Fort Worth

This ‘home-grown educational maestro’ left her mark on bilingual education in Fort Worth

Fort Worth Star-Telegram Collection, Special Collections, University of Texas at Arlington Libraries

Jesse Martinez, former District 6 Fort Worth Independent School District Board member, recalled his joy to discover Alice Contreras was his second grade teacher at M. G. Ellis Elementary School.

As an asthmatic child, he worried his frequent absences would force him to fall behind, resulting in poor grades. Contreras ensured he kept abreast of his schooling.

Martinez never forgot her dedication to educating children, observed her advancement from the classroom to FWISD director of bilingual program, and her support of other Latina educators. When an elementary school in his district was built to ease crowding, he advocated in 2000 to name it for Alice Contreras.

Born in Fort Worth, Feb. 24, 1928, Contreras attended Fort Worth public schools, showing an aptitude for music and teaching. At Texas Wesleyan College, she played the piano at several recitals and taught lessons to indigent Mexican American children at Wesley Community House. After graduation in 1951, she started her teaching career at M. G. Ellis as one of the few Mexican American teachers in the district.

Observing firsthand the need for bilingual teachers, she moved into the bilingual department and applied for the director’s position in 1976. She recalled two male interviewers asking about the community’s reaction to a female director. At the time, most of the FWISD administrators were Anglo males. She responded it wasn’t a problem.

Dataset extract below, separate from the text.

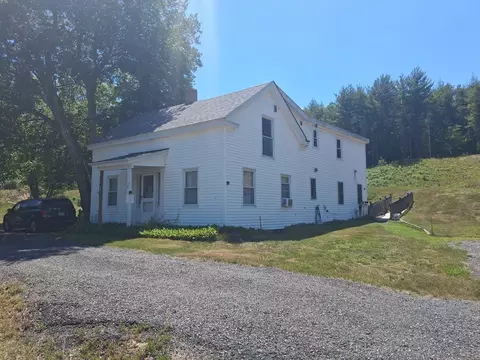 465 Tully Rd, Orange, MA 01364 photo 4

Rudy Rodriguez, the first bilingual director, said, “I always felt she was the best qualified to take the director’s position for the bilingual program when I left the district in 1973.”

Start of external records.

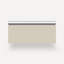 Cartesian Vanity 36"W-485761834-485761831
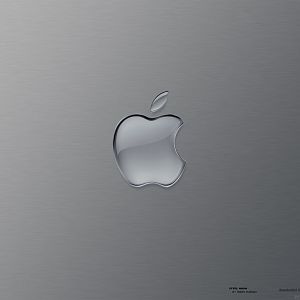 steelaqua1280x1024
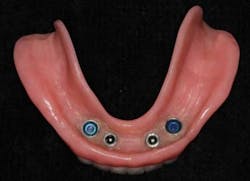 Pennwell web 400 290 Pennwell web 400 290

Fort Worth in the 1970s and 1980s saw an influx of immigrants from Mexico and Southeast Asia. After years of state and national legal wrangling, FWISD opened its doors to undocumented students without forcing them to pay tuition. Through the combination of a supportive Superintendent I. Carl Candoli and the brilliant leadership of Contreras, bilingual and English as a second language classes spread to schools where hundreds of once marginalized students were able to master English and their studies.

Aware of the shortage and competition for certified bilingual teachers, Contreras recruited talented Latinas from within and outside the district. Guadalupe Barreto, current FWISD principal of the World Languages Institute, attributed her career goal change from pharmacy to education to Contreras. Recently arrived from Mexico in 1974, she took a job as a teaching assistant. Through Contreras’ intervention, she secured a four-year scholarship to attend Texas Wesleyan College and earned a degree in bilingual education with certification.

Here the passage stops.